Activity >>
Your reply must hold the lines from the one containing "Single room and bathroom" to the end of the entries, copied exactly, with pictures excluded.

[[ The input, beginning ]]

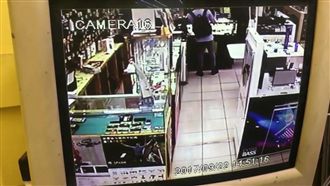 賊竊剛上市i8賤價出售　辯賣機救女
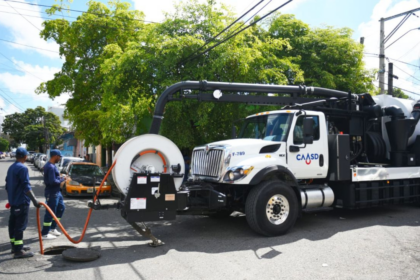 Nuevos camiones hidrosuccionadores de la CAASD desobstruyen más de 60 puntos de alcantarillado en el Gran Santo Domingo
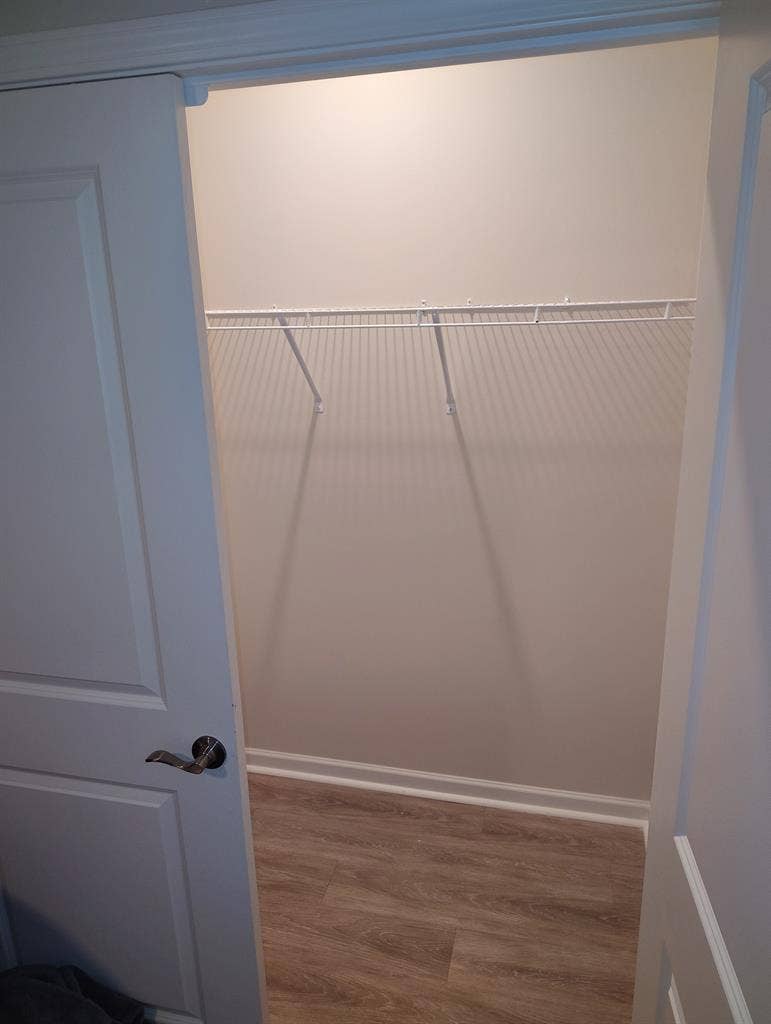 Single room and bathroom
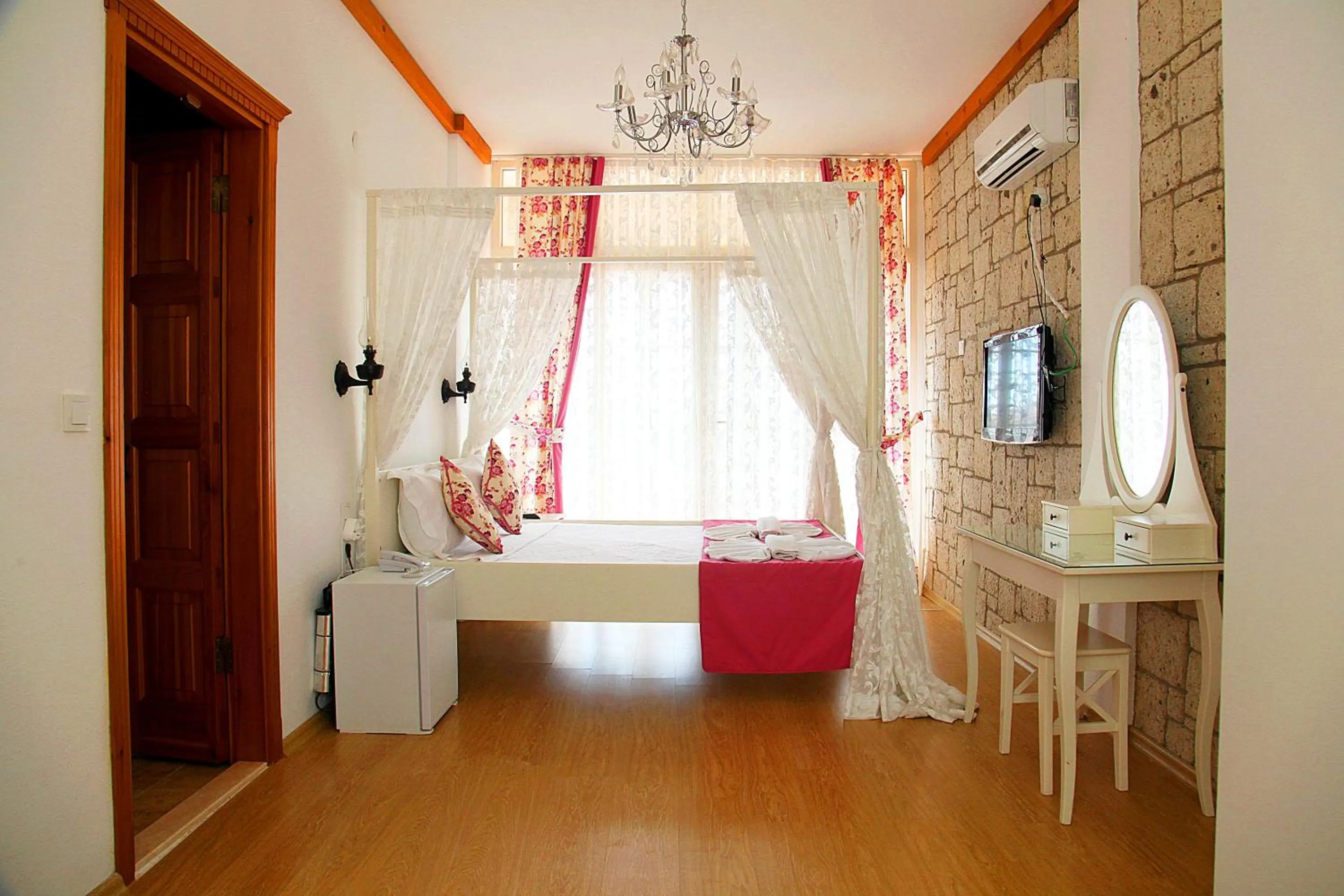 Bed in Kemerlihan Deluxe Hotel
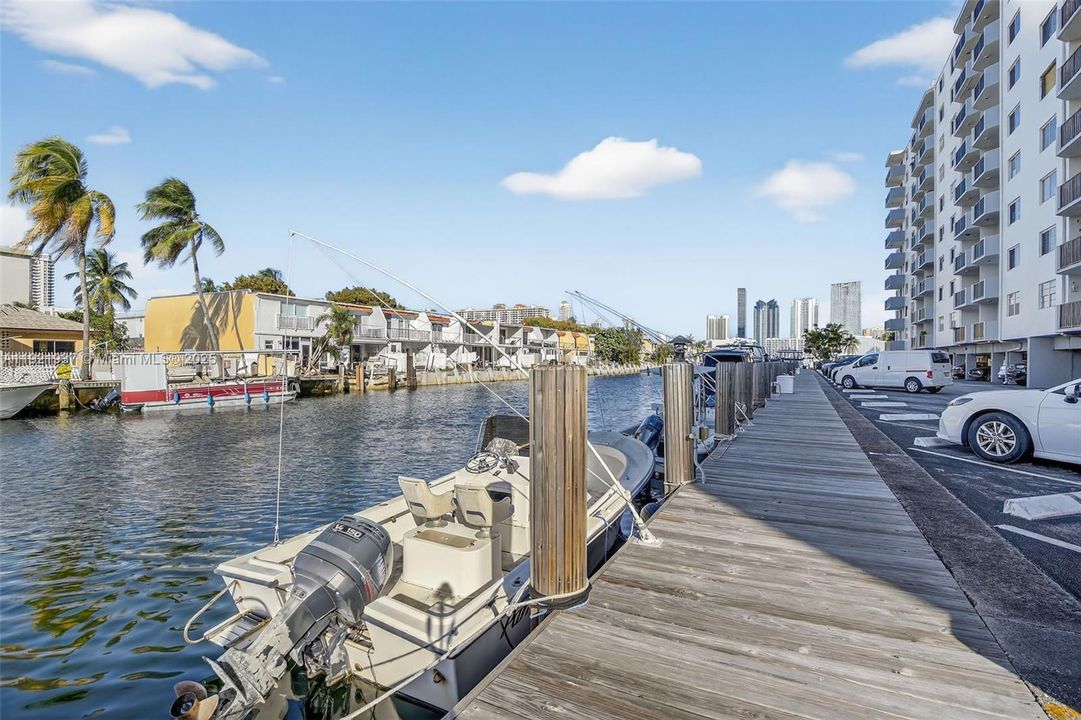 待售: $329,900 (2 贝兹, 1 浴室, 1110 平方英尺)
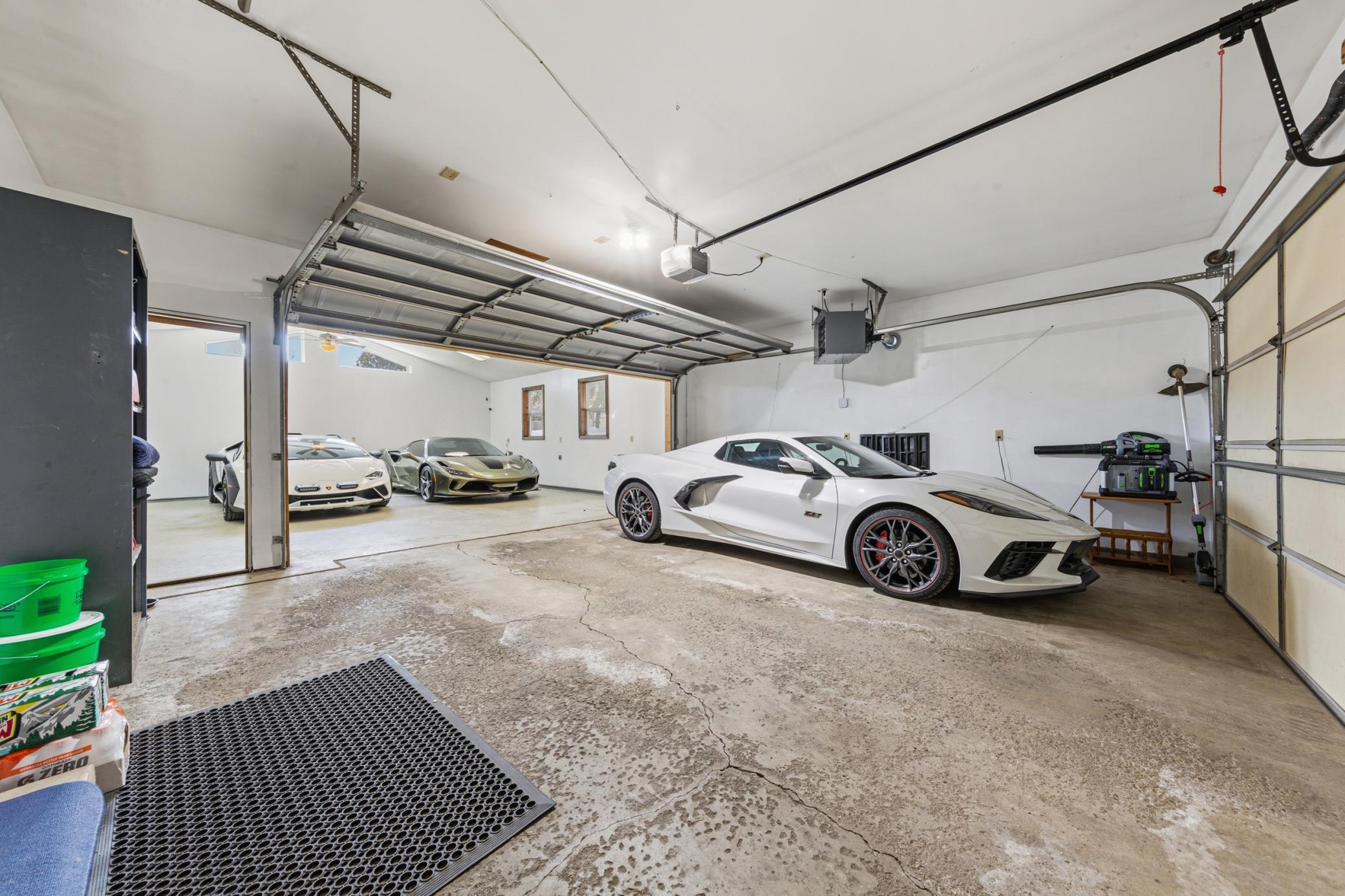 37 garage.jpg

[[ The input, end ]]

Solution to this problem >>
 Single room and bathroom
 Bed in Kemerlihan Deluxe Hotel
 待售: $329,900 (2 贝兹, 1 浴室, 1110 平方英尺)
 37 garage.jpg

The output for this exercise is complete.